> **WHAT YOU NEED TO DO**: Nothing below is to be printed except the lines between the line holding "9 reasons to" and the line holding "Keberhasilan Mediasi", inclusive, each exactly as it appears.

> **LISTED ENTRIES**:
_ _ _ _ _

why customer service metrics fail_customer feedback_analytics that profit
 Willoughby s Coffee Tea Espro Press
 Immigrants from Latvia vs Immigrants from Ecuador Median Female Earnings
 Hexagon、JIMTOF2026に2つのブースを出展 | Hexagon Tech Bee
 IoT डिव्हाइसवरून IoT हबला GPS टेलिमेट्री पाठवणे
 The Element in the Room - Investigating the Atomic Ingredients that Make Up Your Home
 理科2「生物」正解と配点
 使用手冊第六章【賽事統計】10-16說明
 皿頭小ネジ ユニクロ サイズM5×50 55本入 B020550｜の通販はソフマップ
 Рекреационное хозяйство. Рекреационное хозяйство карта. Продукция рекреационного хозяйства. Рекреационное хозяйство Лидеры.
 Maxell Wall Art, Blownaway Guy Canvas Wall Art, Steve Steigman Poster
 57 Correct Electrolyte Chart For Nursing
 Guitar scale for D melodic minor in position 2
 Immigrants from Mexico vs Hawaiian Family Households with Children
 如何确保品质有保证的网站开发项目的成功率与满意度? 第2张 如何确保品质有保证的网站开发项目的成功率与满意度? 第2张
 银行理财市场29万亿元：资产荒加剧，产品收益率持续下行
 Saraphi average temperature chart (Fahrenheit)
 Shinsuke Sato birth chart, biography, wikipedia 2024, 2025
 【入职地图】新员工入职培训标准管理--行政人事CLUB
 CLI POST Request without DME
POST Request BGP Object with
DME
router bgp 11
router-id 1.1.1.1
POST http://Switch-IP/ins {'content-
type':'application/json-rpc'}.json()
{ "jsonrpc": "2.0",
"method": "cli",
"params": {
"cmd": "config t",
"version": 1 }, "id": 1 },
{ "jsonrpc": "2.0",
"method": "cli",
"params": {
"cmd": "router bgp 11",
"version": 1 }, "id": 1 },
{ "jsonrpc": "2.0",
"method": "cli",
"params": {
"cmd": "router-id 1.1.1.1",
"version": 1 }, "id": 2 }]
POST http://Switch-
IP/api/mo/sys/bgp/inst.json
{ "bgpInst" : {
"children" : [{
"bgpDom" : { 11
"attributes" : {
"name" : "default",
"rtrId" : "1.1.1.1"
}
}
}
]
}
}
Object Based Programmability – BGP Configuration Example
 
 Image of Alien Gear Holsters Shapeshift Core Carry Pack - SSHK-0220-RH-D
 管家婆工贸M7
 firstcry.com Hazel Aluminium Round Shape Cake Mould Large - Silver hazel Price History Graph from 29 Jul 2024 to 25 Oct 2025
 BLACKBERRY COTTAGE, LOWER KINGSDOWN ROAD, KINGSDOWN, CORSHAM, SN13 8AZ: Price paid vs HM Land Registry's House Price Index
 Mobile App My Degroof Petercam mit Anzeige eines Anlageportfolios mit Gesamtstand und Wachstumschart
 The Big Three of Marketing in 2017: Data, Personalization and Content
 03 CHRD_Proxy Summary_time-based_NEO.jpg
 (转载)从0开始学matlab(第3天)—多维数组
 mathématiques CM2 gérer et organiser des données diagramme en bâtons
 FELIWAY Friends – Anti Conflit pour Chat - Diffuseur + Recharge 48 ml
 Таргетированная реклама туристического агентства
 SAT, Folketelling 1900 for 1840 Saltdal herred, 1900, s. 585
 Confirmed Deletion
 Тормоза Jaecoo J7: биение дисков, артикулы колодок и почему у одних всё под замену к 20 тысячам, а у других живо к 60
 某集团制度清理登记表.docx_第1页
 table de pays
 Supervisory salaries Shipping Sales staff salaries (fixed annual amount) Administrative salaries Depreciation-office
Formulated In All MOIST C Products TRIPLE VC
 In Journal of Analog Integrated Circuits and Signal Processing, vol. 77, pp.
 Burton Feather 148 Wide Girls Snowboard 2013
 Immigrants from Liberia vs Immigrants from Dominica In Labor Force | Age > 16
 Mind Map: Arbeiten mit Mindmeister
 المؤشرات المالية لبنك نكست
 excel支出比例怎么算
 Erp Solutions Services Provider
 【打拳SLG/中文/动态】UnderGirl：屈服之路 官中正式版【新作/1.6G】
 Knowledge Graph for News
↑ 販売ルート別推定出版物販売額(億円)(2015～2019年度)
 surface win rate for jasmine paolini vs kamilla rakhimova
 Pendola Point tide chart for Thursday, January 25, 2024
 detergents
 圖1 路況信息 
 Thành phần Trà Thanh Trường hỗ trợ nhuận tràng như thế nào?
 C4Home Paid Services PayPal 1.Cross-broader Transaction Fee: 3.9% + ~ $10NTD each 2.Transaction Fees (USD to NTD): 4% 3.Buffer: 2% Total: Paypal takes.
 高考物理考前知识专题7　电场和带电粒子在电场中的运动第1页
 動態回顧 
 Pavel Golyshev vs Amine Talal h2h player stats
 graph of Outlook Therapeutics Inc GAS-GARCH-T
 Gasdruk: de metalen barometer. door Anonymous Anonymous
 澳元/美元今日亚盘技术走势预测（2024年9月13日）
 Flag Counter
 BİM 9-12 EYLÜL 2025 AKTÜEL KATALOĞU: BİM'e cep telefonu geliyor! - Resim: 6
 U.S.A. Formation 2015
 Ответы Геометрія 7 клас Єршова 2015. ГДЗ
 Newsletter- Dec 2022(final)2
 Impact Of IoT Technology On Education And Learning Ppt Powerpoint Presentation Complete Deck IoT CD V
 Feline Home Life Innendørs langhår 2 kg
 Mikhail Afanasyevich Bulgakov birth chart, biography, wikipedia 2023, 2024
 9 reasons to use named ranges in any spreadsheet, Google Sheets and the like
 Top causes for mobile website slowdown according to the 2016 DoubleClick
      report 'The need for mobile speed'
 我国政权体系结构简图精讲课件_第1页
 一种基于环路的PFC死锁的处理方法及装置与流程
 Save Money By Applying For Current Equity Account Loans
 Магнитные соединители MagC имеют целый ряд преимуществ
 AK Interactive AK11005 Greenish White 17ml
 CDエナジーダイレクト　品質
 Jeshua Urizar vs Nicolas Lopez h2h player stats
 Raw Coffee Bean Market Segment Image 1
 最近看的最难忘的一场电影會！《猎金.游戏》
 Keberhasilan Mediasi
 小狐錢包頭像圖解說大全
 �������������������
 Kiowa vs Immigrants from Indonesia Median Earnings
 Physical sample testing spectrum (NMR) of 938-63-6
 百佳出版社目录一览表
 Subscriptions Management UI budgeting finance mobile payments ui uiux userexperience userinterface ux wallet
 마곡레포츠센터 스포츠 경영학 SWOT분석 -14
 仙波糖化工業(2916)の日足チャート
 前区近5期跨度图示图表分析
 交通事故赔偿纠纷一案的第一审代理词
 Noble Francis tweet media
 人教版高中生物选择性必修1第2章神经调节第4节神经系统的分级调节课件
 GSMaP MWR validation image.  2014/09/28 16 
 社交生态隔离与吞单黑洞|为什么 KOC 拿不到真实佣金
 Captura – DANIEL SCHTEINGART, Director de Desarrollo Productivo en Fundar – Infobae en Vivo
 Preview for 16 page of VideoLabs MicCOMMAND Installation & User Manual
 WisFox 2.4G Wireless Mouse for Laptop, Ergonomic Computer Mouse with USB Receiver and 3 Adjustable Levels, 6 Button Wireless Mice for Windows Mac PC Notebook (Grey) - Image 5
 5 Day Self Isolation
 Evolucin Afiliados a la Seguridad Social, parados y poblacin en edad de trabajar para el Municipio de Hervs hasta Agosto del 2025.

_ _ _ _ _

> **ANSWER TO THE PROBLEM**:
 9 reasons to use named ranges in any spreadsheet, Google Sheets and the like
 Top causes for mobile website slowdown according to the 2016 DoubleClick
      report 'The need for mobile speed'
 我国政权体系结构简图精讲课件_第1页
 一种基于环路的PFC死锁的处理方法及装置与流程
 Save Money By Applying For Current Equity Account Loans
 Магнитные соединители MagC имеют целый ряд преимуществ
 AK Interactive AK11005 Greenish White 17ml
 CDエナジーダイレクト　品質
 Jeshua Urizar vs Nicolas Lopez h2h player stats
 Raw Coffee Bean Market Segment Image 1
 最近看的最难忘的一场电影會！《猎金.游戏》
 Keberhasilan Mediasi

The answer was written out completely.